**RAW DATA**.
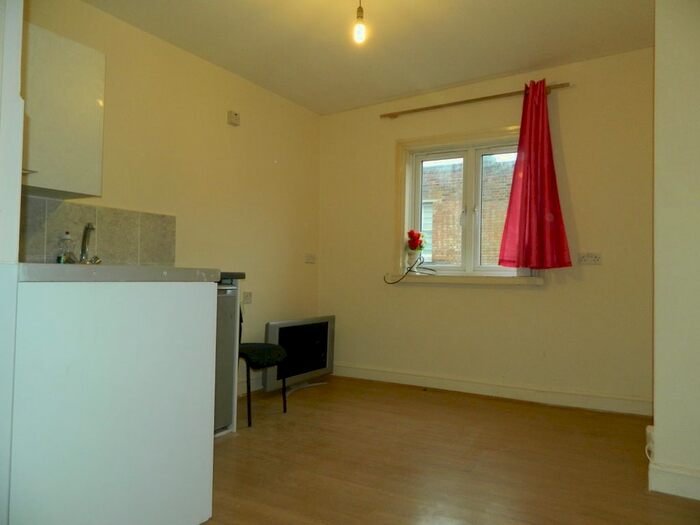 Studio To Rent In High Road, London, NW10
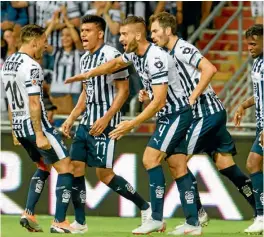  ??  ?? Jugadores de Monterrey celebran un gol en el Apertura 2018 jugando de locales.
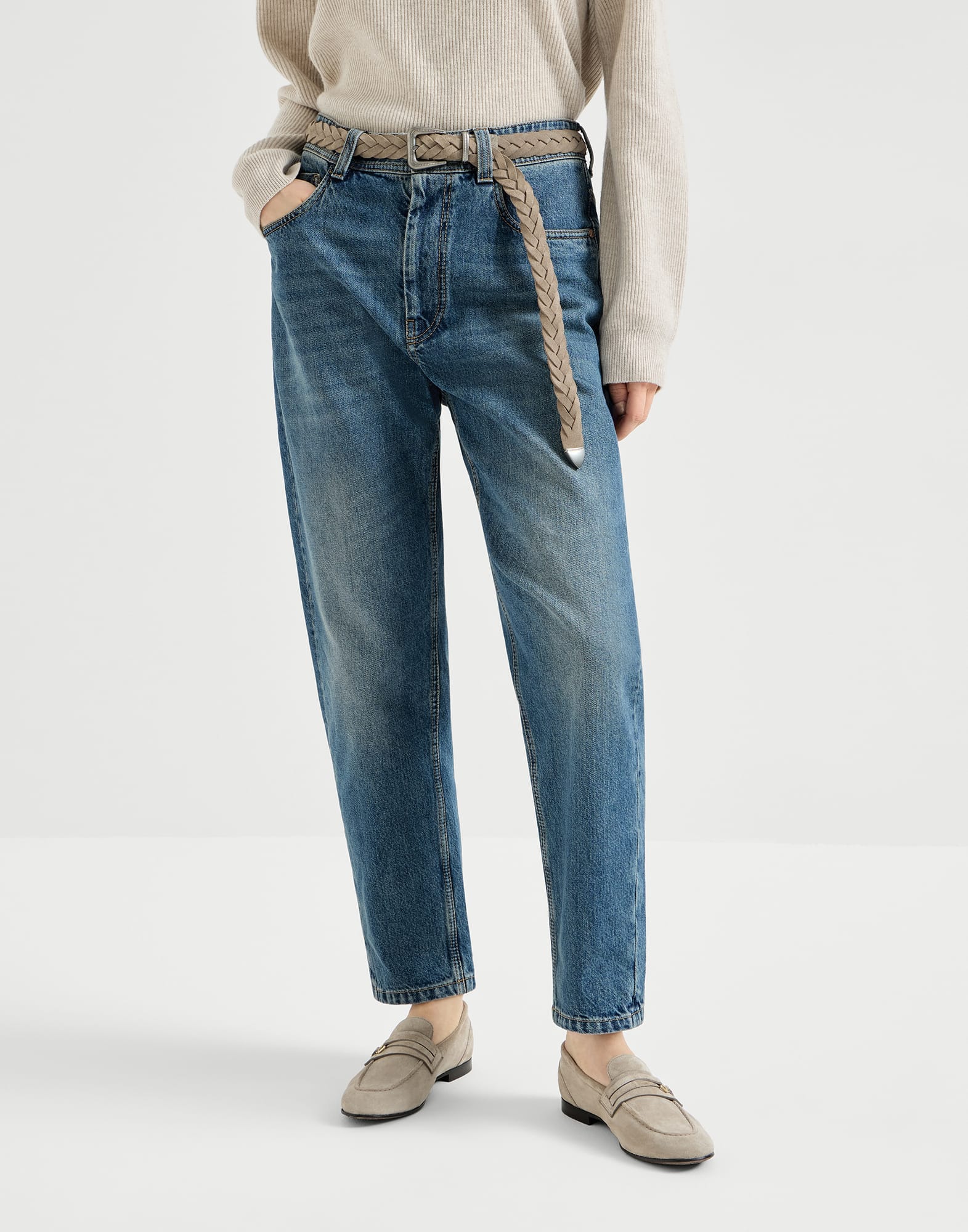 Authentic denim baggy tapered trousers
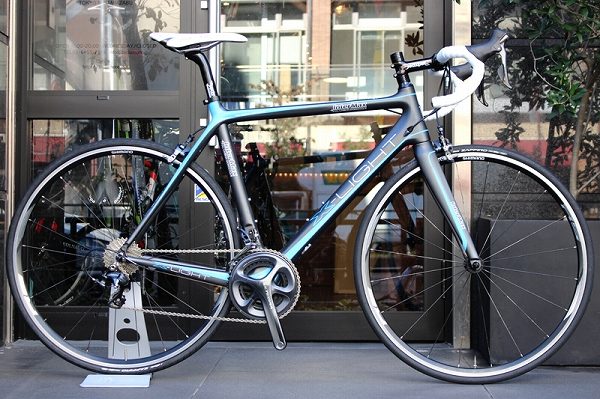 ハンドメイドItalyのカーボンフレーム。InterMax インターマックスX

**EXERCISE**.
Would you please copy the listing exactly, omitting every picture?

**YOUR SOLUTION**.
 Studio To Rent In High Road, London, NW10
  ??  ?? Jugadores de Monterrey celebran un gol en el Apertura 2018 jugando de locales.
 Authentic denim baggy tapered trousers
 ハンドメイドItalyのカーボンフレーム。InterMax インターマックスX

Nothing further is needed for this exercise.